SUPPLIED INFORMATION:
......

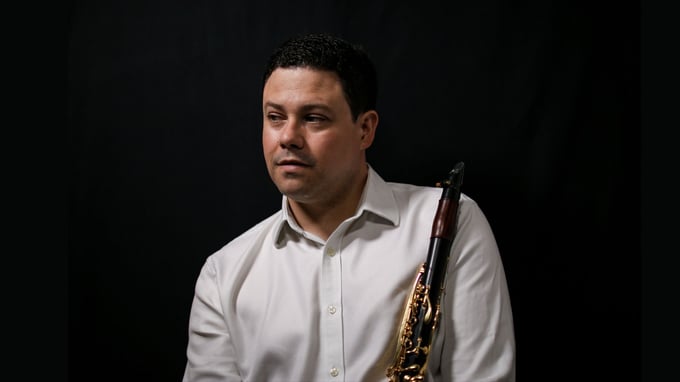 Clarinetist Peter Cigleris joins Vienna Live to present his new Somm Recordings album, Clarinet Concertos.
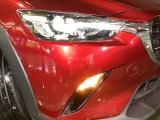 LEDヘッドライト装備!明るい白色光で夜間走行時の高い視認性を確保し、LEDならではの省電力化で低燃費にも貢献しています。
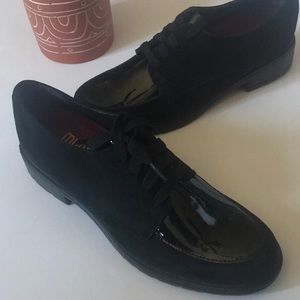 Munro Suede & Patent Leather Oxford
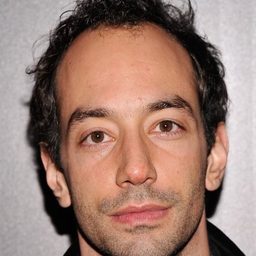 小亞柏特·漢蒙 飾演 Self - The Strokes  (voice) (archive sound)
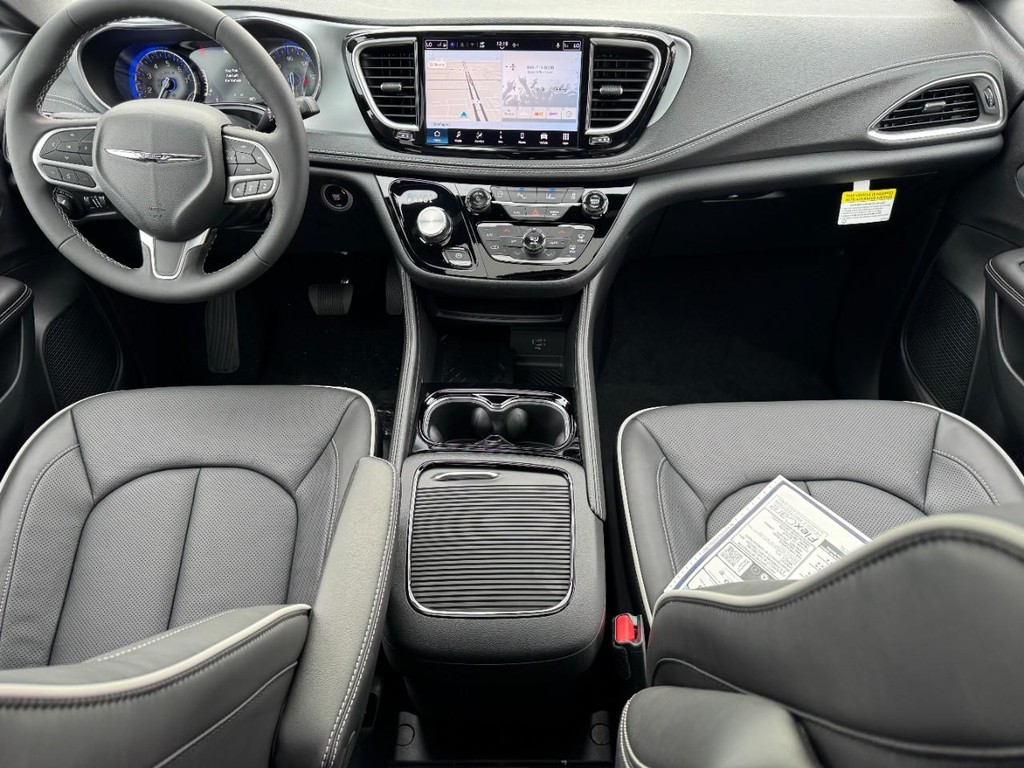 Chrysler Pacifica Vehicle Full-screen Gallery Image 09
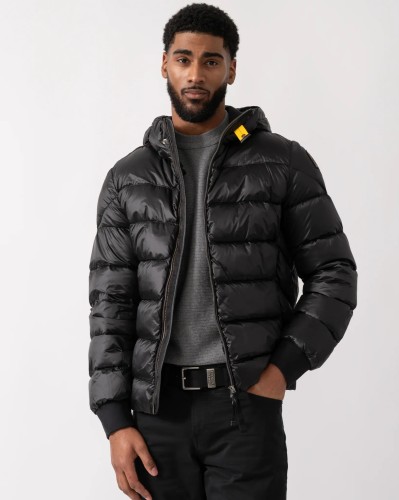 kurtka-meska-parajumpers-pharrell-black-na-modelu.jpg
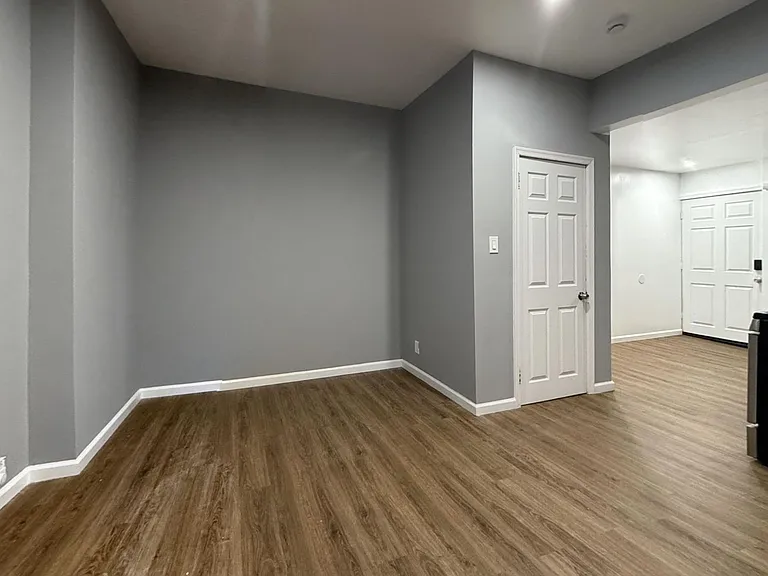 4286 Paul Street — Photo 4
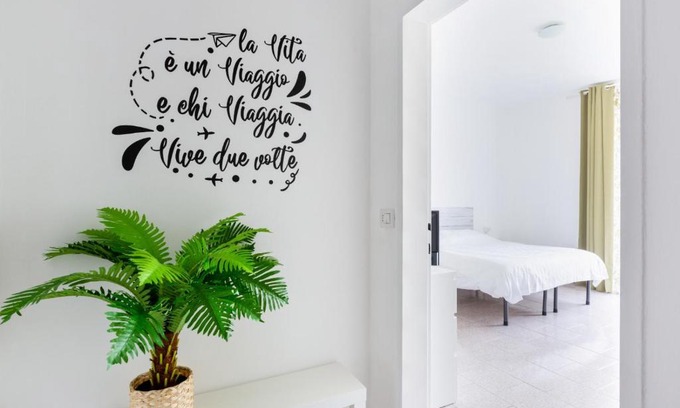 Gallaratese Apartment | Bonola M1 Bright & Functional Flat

......

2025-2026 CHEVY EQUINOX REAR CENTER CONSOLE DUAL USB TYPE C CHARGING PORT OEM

......

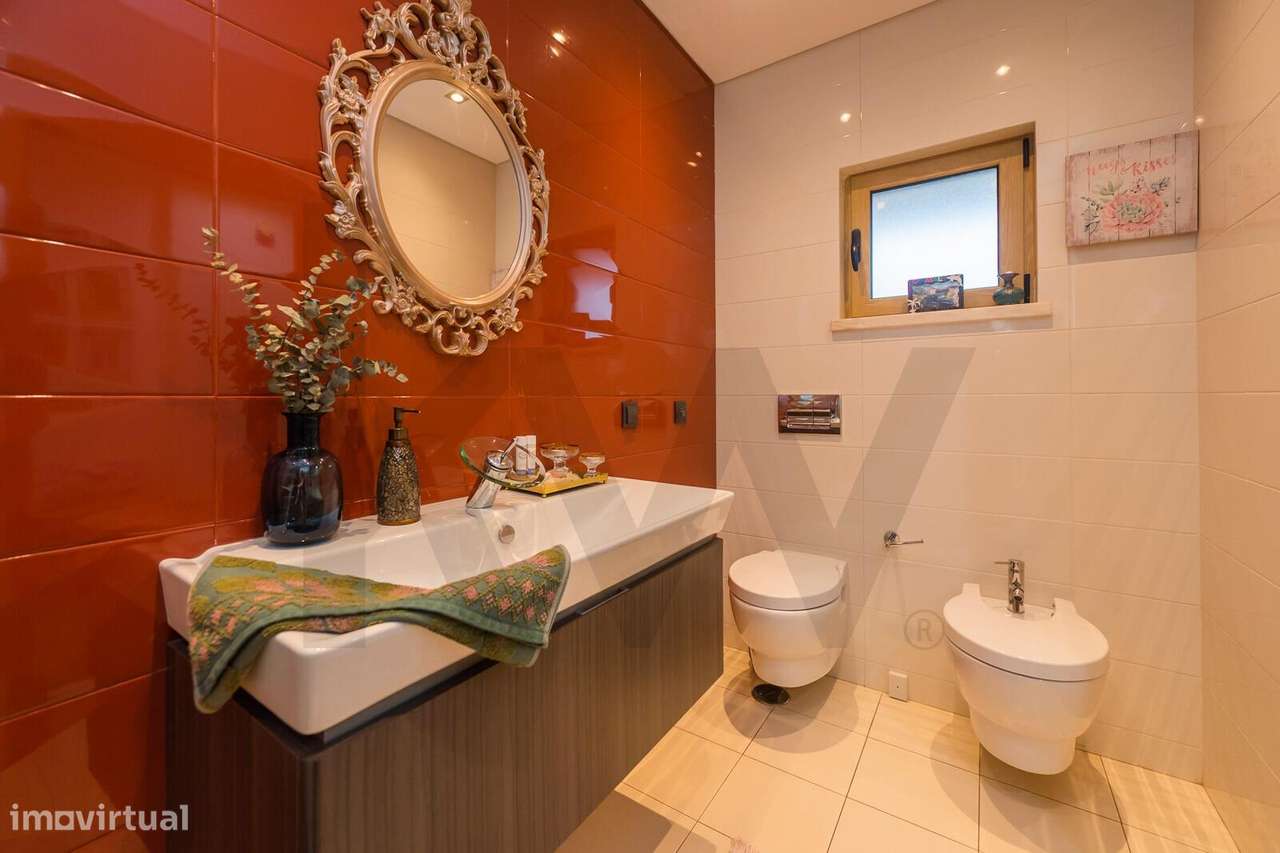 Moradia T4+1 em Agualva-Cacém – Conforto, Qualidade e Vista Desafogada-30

......

ACTIVITY: Using the records above, return word for word the lines that begin at the one containing "Chrysler Pacifica Vehicle" and end at the one containing "Gallaratese Apartment |", both of them included and no pictures.

EXERCISE SOLUTION:
 Chrysler Pacifica Vehicle Full-screen Gallery Image 09
 kurtka-meska-parajumpers-pharrell-black-na-modelu.jpg
 4286 Paul Street — Photo 4
 Gallaratese Apartment | Bonola M1 Bright & Functional Flat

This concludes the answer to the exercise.